There is a trade-off between increasing the number of correct and reducing the number of false detections. But it is safe to say that adding the new indices significantly improves the performance of the puncture detection algorithm. More data on in-vivo successful cannulation and more information from the experiments is required to provide a better comparison between the performance of these indices and to identify further indices. Additional work on the algorithm to reduce the number of false detections is warranted. For instance, to better capture the relative position of the needle tip with respect to the target vein, OCT can be integrated into the force-sensing instrument, as in [26]. The problem with OCT is that it is not yet fast enough for real-time puncture detection, but the OCT feedback can be used in conjunction with force and velocity data. Moreover, to capture the tool’s deflection and to better estimate the position of the needle tip, more research on needle shape sensing may be beneficial.

The criteria defined here can be helpful for the clinicians to combine it with their judgment as well as their visual feedback while interacting with the tissue/vein. However, to achieve automatic puncture detection and in turn to implement it into the robot’s control software, we require a safer algorithm, able to reliably detect true puncture events and avoid false detection events. To better analyze the effectiveness of the various potentially relevant criteria, more measurements, analysis and further investigation on the constellation of characteristics occurring at the moment of puncture is required. For instance, by incorporating OCT measurements and/or needle shape sensing methods, we can achieve a much better estimation of the needle tip position and velocity.

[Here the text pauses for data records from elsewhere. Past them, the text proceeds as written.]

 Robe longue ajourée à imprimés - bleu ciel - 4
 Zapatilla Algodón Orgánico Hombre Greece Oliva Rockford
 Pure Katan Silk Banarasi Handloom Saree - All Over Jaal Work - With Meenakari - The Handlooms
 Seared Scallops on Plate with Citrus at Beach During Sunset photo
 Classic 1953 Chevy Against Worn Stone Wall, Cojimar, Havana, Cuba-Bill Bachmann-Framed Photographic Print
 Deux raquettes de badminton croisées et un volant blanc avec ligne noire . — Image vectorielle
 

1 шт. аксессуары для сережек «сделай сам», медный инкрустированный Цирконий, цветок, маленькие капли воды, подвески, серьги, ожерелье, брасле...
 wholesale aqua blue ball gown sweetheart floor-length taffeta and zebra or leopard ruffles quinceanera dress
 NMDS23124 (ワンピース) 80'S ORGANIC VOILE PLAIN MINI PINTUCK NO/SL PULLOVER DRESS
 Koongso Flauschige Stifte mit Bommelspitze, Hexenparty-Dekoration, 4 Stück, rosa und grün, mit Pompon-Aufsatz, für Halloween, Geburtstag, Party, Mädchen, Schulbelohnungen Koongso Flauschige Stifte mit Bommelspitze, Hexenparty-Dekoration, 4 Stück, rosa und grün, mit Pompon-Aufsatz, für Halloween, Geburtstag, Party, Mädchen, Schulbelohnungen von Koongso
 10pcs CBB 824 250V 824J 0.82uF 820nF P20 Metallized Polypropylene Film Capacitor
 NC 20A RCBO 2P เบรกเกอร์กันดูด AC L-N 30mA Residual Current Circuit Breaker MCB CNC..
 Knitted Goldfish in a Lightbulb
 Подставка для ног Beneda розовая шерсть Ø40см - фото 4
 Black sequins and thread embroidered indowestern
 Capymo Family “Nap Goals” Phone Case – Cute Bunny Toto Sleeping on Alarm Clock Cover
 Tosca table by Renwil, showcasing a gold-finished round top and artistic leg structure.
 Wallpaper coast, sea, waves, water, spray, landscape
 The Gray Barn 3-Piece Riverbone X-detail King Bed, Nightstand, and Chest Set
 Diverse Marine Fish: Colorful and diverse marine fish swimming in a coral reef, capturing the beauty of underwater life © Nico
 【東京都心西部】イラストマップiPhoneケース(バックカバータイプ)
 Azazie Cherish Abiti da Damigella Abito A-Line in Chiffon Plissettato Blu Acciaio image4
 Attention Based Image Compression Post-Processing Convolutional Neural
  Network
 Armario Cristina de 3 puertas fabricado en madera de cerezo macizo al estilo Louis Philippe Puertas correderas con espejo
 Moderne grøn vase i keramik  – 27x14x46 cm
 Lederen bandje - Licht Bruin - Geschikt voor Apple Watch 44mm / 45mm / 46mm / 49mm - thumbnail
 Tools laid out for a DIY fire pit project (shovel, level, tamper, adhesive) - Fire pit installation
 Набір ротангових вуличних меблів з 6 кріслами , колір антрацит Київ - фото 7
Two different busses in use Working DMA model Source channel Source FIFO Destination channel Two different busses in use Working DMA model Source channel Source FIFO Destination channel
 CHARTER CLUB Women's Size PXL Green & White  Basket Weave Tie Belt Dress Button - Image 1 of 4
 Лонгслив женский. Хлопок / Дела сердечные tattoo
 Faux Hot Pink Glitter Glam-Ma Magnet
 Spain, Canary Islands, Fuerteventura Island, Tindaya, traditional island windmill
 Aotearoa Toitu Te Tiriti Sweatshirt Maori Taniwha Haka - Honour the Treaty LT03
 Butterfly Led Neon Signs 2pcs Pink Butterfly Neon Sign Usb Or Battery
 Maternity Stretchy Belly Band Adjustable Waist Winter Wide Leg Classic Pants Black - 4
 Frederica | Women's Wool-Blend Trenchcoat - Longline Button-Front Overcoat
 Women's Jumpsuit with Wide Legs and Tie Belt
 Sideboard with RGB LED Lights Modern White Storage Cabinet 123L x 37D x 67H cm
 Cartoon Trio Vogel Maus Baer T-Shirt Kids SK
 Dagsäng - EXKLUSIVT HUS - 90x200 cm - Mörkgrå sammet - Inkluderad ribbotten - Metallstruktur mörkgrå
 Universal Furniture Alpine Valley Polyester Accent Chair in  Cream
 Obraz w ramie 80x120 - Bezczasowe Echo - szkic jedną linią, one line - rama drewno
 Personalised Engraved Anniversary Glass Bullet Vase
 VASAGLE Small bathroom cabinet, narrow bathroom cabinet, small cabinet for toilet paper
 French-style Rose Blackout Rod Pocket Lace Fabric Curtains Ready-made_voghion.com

Another future direction of this work is to investigate the double puncture as well. In this study, we mainly focused on the common behaviors at the moment of puncture, to better detect the puncture in-vivo. In prior work, we showed [24] that by implementing a virtual wall right after the puncture is detected, the surgeon’s hand motions decrease, which helps reduce the risk of a double puncture. However, to validate the results, it would be beneficial to explore the possibility of detecting the second puncture in future work. Using OCT feedback will help better identify the puncture and keep the needle inside the vein. It would also help us better understand the characteristics of the double puncture. The current model, which is based on velocity and force feedback, has a faster response than OCT or any other imaging modality, but additional data from OCT would help construct a more accurate and reliable model of the puncture.